A Priori Probability: Larger Values
• John Vandivier
This article will cover how to handle a priori statistical or probabilistic reasoning when the estimated value is larger than the baseline value.
In this article I show that for any probability P | 0 < P < 1, the risk-minimizing estimate for P is .5. This can be expanded to proportional estimates of frequency, value, and more.
For example, let's say that the rate of consumption of cheeseburgers, C, is known to be less than the rate of consumption of hotdogs, H, and greater than zero, although the specific rates of consumption of hot dogs and cheeseburgers are unknown. Under these assumptions we know that 0 < C < H. We can rationally estimate C = .5H to minimize risk.

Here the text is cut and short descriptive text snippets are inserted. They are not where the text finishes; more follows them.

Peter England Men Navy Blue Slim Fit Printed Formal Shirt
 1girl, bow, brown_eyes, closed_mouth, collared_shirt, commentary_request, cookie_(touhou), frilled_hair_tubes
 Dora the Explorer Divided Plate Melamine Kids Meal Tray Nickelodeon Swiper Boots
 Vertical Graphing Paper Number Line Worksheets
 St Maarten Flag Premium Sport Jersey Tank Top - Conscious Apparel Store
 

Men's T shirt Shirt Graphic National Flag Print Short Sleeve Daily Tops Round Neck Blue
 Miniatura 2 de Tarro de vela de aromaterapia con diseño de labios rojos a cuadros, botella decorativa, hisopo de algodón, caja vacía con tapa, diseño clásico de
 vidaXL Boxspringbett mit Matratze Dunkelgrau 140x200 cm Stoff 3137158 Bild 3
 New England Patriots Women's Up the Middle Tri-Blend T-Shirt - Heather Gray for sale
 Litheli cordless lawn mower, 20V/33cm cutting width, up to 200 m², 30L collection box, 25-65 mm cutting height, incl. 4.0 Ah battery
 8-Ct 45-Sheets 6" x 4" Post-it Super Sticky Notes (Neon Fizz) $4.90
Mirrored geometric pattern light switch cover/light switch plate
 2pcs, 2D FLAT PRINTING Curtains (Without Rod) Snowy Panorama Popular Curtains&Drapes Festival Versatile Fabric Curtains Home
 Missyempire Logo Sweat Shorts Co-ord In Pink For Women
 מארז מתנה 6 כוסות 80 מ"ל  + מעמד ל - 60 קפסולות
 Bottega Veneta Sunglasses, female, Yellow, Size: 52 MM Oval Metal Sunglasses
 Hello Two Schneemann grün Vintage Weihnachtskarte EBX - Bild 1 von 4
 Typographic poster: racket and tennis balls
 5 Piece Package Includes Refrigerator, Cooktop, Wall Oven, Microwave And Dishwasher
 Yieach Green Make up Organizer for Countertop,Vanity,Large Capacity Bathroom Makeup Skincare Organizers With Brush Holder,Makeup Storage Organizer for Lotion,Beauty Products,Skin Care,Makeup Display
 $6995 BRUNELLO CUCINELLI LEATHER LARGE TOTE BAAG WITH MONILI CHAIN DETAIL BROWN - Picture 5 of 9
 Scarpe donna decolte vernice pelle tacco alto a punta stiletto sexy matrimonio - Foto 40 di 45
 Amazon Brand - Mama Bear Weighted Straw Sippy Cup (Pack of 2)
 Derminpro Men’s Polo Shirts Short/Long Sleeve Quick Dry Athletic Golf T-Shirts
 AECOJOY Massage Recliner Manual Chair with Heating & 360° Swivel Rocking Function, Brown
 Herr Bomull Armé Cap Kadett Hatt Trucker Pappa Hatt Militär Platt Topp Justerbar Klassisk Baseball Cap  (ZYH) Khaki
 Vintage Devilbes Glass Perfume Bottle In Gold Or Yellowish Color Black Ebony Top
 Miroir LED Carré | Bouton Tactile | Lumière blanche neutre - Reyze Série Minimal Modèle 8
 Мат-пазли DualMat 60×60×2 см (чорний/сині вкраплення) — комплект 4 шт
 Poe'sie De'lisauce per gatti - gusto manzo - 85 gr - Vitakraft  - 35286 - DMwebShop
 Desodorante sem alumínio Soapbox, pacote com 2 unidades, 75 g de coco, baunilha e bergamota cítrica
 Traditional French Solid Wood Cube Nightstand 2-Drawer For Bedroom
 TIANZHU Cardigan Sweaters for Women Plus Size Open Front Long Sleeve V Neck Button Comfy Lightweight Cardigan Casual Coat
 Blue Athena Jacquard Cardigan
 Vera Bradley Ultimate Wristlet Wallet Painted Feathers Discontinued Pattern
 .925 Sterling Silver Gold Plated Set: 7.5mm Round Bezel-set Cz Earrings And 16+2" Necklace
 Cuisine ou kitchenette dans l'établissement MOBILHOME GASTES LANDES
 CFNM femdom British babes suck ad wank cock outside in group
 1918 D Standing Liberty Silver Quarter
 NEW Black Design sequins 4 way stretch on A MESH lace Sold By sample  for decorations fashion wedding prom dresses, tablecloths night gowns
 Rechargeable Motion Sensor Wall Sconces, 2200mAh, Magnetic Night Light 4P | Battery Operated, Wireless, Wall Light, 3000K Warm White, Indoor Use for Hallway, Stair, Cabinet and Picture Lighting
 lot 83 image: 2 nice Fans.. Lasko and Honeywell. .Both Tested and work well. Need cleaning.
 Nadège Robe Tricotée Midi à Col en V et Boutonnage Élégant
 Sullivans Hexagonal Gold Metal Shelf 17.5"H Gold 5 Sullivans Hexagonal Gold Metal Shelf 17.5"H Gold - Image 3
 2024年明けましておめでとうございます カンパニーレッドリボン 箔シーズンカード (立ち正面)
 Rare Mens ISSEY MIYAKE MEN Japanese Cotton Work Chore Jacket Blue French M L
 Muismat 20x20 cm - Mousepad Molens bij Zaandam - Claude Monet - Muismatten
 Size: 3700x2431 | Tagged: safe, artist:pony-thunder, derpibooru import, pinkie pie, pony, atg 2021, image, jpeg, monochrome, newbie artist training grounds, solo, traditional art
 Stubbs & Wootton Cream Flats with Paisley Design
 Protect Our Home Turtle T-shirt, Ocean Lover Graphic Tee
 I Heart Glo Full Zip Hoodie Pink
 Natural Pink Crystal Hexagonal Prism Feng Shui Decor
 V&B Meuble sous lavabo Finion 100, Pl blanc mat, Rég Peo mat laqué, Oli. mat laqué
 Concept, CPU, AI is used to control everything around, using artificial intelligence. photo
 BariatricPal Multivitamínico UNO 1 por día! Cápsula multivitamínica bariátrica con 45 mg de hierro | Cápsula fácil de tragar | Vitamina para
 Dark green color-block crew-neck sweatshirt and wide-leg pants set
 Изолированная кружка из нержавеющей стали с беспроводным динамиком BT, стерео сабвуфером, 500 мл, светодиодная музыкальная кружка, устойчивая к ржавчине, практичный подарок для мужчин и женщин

This is essentially a priori probabilistic reasoning or deductive statistical reasoning. There is a large problem here which is, \"If you don't know the specific rates then how would you know which is greater?\" I call this the Supposition Problem. The short answer is that sometimes you know, sometimes you don't know with certainty but you have a good indication, and sometimes you have no clue but you are in a situation where a decision must be made and this approach amounts to rigorous guessing which is better than non-rigorous guessing. Two cases where we have good reason to apply this method are:
- Ordinal data lacking cardinal data. We know that A is less than or before B, just not by how much.
- Quantified opinion, intuition, or connoisseurship. We are dealing with experts than know that A is more frequent or better than B, but they don't know precisely by what degree. In other words, this translates into ordinal data.